With a 3 A.M. departure ahead, neither one of us saw the point in trying to sleep. Well that and the fact that we waited until after 10 P.M. to even begin packing and gathering necessary documents. Smart ones we are.
We were forced to walk from terminal A to Z (meaning the ones the absolute farthest apart) because the train wasn't running. Too early in the morning and not enough travelers to justify its use I guess. Add to that my arthritic hip (don't laugh). Oh, and Keith's Super Human long stride. What do you get? A lonely female traveler, left for dead. Or worse. I not only couldn't see Keith, whether he kept going straight or went up the escalator, but I also didn't know where I was going. I truly didn't know if it was in fact terminal Z to which I should be headed. Because Keith thinks I can't be trusted to hold my own ticket with necessary information, I couldn't even stop to look it up. Plus, I didn't even have my ID or credit card in the case that I was left for worse. Keith thought it was just laugh-out-loud hilarious that he could carry ALL the bags and still beat me by a literal mile.
You know the plane ride has started out well when Keith embarrasses me by high fiving the flight attendants. By the way, as if the Ethiopian population as a whole weren't beautiful enough, one of the requirements to work for Ethiopian Air is that you have to look like a runway model. Then, on the flight from D.C., he tried to bet me that he could go the entire flight without using the bathroom. The problem is that Keith only wants to wager one thing. Something he's begged me for as long as I've known him. No, not that. Shut your dirty minds. He has always wanted to pick random and disgusting new foods for me to try, like Ranch dressing or another smelly condiment. Let me tell you, nearly nothing is worth that, my friends. So, no deal. But, I wasn't holding back. I visited the not-so-terrifying bathroom on board 3 times before we even took off.
In order to land well rested, we each took 1 Lunesta about 8 hours before landing. I slept some, but most of the time I spent playing musical seats next to random people on the plane who weren't stretched out taking up more than the allotted one seat as Keith was. He stole our entire row on one of my many trips to the bathroom. I kept choosing Bride Wars as my movie, but never got past halfway before the stranger next to me wanted the extra seat back to take ANOTHER nap. Sheesh!
Luckily the baggage claim at the airport in Addis Ababa wasn't the scary madhouse as it was last time. I had totally forgotten about their culture's lack of personal space until I saw a guy all but put his hands in Keith's pocket while he was in line to exchange money. Then, I was shocked when he let me go alone to do the same. You know, because I can't be trusted with anything of value. He may have let me touch my passport once when passing through customs. So, the lady working the counter had hair of Medusa and the authority of The Soup Nazi, simply turning people away with the wave of a hand. For me she would only change 1 bill...or none at all. Guess I was lucky because the forlorn looking women in front of me left in tears.

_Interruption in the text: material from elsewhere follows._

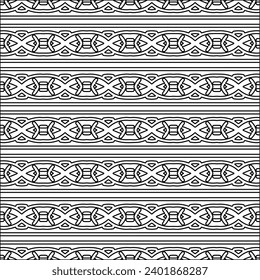 Figures from lines.Black pattern on white wallpaper for web page, textures, card, poster, fabric, textile packaging or napkins. Abstract wallpaper. Repeating background image. White texture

During a very long wait for our bags and wrongly choosing the same one 20 times, Keith noticed them coming out on the wrong carousel. He doesn't call me Captain Observant for nothing. After loading our bags on the cart, and carrying only his backpack, Keith tried to wave for me to follow him. Really? What do I look like? On a positive note, praise God for a driver we recognized and a van clearly marked from our agency. A husband, who may not show chivalry at all times, but one who worked out us staying at the exact same guest house and room as last time. Oh, and the first person to greet us at the guest house was Bisrat...Bizzy...the interpreter/pastor.
We are scheduled to pick the boys up tomorrow morning. With just typing that I feel my bladder about to burst...the physical effects of my nerves...if you haven't noticed.
A big thanks to all our friends who've helped us along the way and supported us. The Melville's for helping with last minute house chores. Even bigger thanks to Andy Schwab for taking us to the airport at 3 A.M. and then taking Simon for the week-long sleepover. And the biggest to Chris and Megan Smith for not only keeping Avery for the week but demanding she stay with you. Painting toenails with Miss Megan and singing the Banana Phone song with Mr. Chris.